Google runs the largest ad network on the planet. It's absolutely critical to their business model. Wikipedia is great, but they produce no content of their own and lack any sort of curation. Of course there's a lot of crap on the Internet, but I personally find many types of well-curated, professional content extremely valuable. I personally would be willing to pay for much of it, but I'm in a better position to do so than many - which is exactly my point.
My point was that if Google decided to change it's business model, and charged something like a $1 for a monthly subscription to using it's search services, it would be more than safe.

I don't think the fact that wikipedia produces it's own content is relevant, and whether it lacks curation being relevant either. Regardless of those two facts, it is immensely useful. The majority of articles, especially on highly technical/useful topics (like farming techniques) are mostly accurate.
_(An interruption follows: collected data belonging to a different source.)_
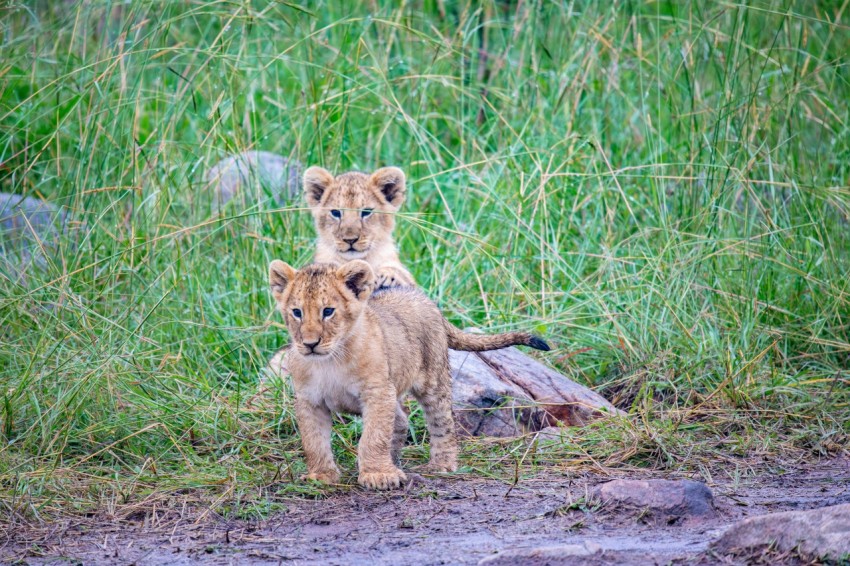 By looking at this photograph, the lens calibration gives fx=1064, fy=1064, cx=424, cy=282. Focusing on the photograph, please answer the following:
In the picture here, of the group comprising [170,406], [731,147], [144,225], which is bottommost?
[170,406]

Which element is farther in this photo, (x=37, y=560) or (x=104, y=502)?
(x=104, y=502)

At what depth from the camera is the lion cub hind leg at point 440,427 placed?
17.8 ft

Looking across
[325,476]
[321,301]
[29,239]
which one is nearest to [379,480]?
[325,476]

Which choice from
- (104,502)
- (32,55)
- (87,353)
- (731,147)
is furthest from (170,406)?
(731,147)

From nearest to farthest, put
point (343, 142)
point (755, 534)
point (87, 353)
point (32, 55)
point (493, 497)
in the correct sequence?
1. point (755, 534)
2. point (493, 497)
3. point (87, 353)
4. point (32, 55)
5. point (343, 142)

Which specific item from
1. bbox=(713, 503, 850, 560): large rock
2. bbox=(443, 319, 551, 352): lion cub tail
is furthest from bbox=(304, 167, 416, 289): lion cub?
bbox=(713, 503, 850, 560): large rock

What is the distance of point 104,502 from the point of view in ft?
15.5

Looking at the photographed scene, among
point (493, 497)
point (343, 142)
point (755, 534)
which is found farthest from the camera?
point (343, 142)

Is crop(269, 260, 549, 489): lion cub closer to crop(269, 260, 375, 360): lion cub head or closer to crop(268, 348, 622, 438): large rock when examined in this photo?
crop(269, 260, 375, 360): lion cub head

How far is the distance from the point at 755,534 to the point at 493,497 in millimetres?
1412

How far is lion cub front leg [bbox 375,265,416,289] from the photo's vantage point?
697 centimetres

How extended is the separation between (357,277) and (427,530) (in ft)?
4.37

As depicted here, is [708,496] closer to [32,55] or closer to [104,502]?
[104,502]

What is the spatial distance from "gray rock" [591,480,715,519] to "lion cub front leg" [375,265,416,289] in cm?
265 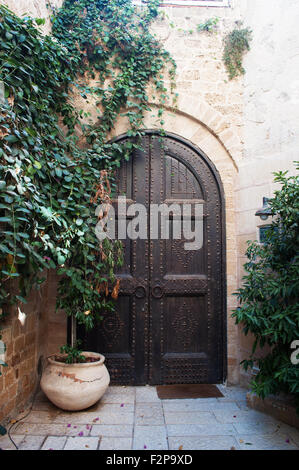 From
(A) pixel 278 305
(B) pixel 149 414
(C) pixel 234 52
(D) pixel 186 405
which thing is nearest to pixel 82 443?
(B) pixel 149 414

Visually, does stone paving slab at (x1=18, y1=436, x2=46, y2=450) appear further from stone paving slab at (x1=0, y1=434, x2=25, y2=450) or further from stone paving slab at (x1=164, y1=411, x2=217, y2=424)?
stone paving slab at (x1=164, y1=411, x2=217, y2=424)

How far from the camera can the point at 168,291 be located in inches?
138

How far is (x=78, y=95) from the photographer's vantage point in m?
3.61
Just because some may not be in a position to buy/afford something doesn't mean that everyone should endure inefficiency. Also, depending on the price, the truly important information would still be worth it. I don't think what's going to keep the less fortunate from using web services is a reasonably priced web service.

Currently, you can get a VPS for roughly $10/month, and a domain name for something like $70 (a .com usually costs this much I think). If you had monthly subscribers who were asked to pay $1 a month, the amount of subscribers to keep you in business (nevermind that today's tech can easily scale up to thousands of users on one box), is not high at all.

Just because you create something doesn't mean you deserve to get paid for it. You have to create something people actually want to pay you for. And if they do that, then getting paid shouldn't be a problem, should it?

More importantly: just because I look at something doesn't mean I should have to pay for it. You can't know if an article is crap until after you read it. That's the nature of dealing in information -- you can't sell information without first giving people something valuable for free and building trust. If you violate your customer's trust, you can no longer sell information.

That's the state of internet advertising today.